Laurence Dierickx souligne également le questionnement sur le moment de la collecte (puisque effectuée régulièrement) : à quelle heure relever l’info ? Les capteurs ne donneront pas les mêmes informations à 8h en plein bouchon qu’à 11h. Faut-il faire le relevé tous les jours à la même heure ou pas ? Il y a eu là de véritables choix journalistiques à faire.
Pour son enquête sur les particules fines, le Stuttgarter Zeitung ne s’est pas contenté des capteurs officiels déjà en place parce qu’ils ne couvrent pas toute l’agglomération. Dans cet exemple comme dans celui de Bruxelles, il est intéressant de questionner les emplacements de ces capteurs officiels par rapport au trafic routier quotidien.
Retrouver la confiance du public
Ces choix journalistiques doivent être expliqués aux internautes de manière claire, pour améliorer la transparence envers les lecteurs et gagner en confiance. Le média doit pouvoir argumenter ses critères de données car ce sont des choix éditoriaux, tout comme un choix d’angle ou de titre pour un article.
Par ailleurs, les journalistes spécialisés (les rubricards) ont un rôle important.
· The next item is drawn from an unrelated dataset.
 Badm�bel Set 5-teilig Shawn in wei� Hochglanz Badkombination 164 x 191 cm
En association avec les journalistes data, ils questionnent la base de données, ils pointent ce qu’il y manque éventuellement au regard de leurs connaissances du sujet, apportant du contexte.
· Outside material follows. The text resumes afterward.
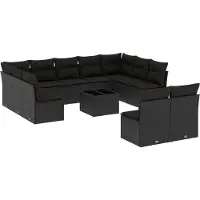 vidaXL Ensemble de 12 canapés de jardin avec coussins noir poly rotin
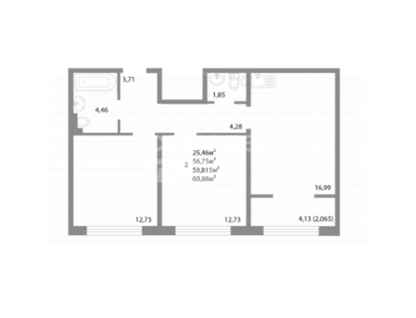 2-к. квартира, 58,8&nbsp;м²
Travailler en lien des chercheurs, des experts
Un média régional d’information générale, qui a rarement des rubricards dans tous les domaines, peut aussi s’appuyer sur des experts, des chercheurs pour valider la méthodologie retenue. De plus, ces derniers apportent une aide précieuse pour comprendre et analyser correctement les données.
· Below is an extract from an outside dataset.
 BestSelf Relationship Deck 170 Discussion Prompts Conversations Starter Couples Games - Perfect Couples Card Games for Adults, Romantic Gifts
Le Stuttgarter Zeitung cité plus haut, travaille sur les particules fines en partenariat avec un laboratoire de l’université. Ils collaborent aussi avec Open Knowledge pour la collecte et la structuration de la base de donnés (qui est en open data), ainsi que son analyse. Owni s’était appuyé sur l’expertise des membres de l’ONG France Libertés pour valider les informations envoyées par les internautes dans leur enquête sur le prix de l’eau.
Vincent Lastennet, du Télégramme, échange régulièrement avec les statisticiens de l’Insee. Quant à Julien Vinzent, journaliste chez MarsActu, il a travaillé en collaboration avec une universitaire sur les données des immeubles dégradés à Marseille.
Point important pour qu’une collaboration fonctionne : bien se mettre d’accord sur la feuille de route en amont (les disponibilités, les objectifs de la collaboration, le calendrier, la méthode…) pour éviter les frustrations et déconvenues. Le temps universitaire ou associatif n’est pas celui des médias et inversement.
Dans le datajournalisme, il y a journalisme. Oui je sais bien que vous savez lire, mais c’est toujours important de le rappeler. Journalisme. Donc choix éditoriaux, appliqués aux données collectées, croisées, analysées. Ces choix reflètent la ligne éditorial du média, et ils doivent être expliqués au public.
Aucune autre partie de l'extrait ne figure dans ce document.